The principal looked startled but nodded agreement. There was not a great deal he could do since my father had obviously made up his mind. My father was there for an education, too. He signed up for three courses in mathematics and physics at the University of Toronto and went to lectures every day for the sheer enjoyment of it, not in the least bothered by the fact that he was three times the age of his fellow students. “Those fellows are smart as whips,” he'd say. “It takes some doing to keep up with them.”

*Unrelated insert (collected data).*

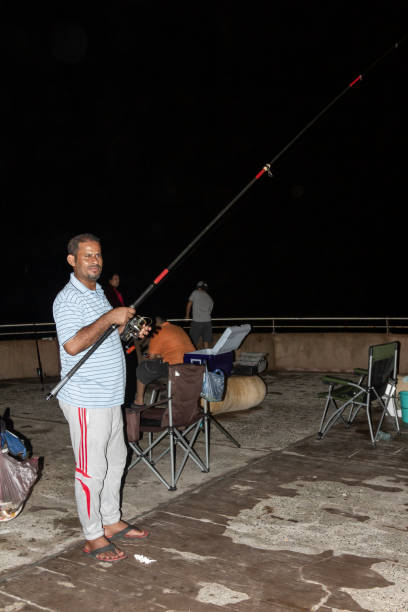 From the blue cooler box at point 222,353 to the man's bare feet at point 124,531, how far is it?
3.16m

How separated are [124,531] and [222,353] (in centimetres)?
359

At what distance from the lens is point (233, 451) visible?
595 centimetres

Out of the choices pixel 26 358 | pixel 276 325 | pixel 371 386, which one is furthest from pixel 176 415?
pixel 276 325

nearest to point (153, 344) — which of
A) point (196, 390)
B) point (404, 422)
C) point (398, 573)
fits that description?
point (196, 390)

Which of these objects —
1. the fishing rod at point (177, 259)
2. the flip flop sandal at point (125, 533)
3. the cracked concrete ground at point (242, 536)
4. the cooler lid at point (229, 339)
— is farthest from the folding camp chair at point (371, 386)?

He took me out of school whenever something came up that he thought I ought to see. We went to the Passion Play in the Royal Alex and
As You Like It
at Hart House and a wonderful marionette show at Eaton's and the Ice Carnival in the new Maple Leaf Gardens; and we listened to the Hart House String Quartet and saw some new paintings by people called The Group of Seven. We visited Ottawa for the opening of Parliament where George Black, the Member for the Yukon and new Speaker of the House, actually winked at my father as the procession went by. There, in his brother's home, I first tasted French fried potatoes and, more important than Parliament, saw a film called
Union Station
, with Douglas Fairbanks, Jr. and Joan Crawford, both of whom actually talked. My father often picked the movies we would see by finding out what the accompanying cartoons were. We saw the first Silly Symphony ever made,
Skeleton Dance
, at the Uptown, and the second,
The Old Clockmaker
, at the Hollywood, where the feature was
The Smiling
Lieutenant
, starring Maurice Chevalier and Claudette Colbert. And if I remember all these details after forty years, while forgetting other, more important world events and my own schoolwork, it is because they made an enormous impression on a small boy, who had been cooped up for all of his eleven years in a northern mining town.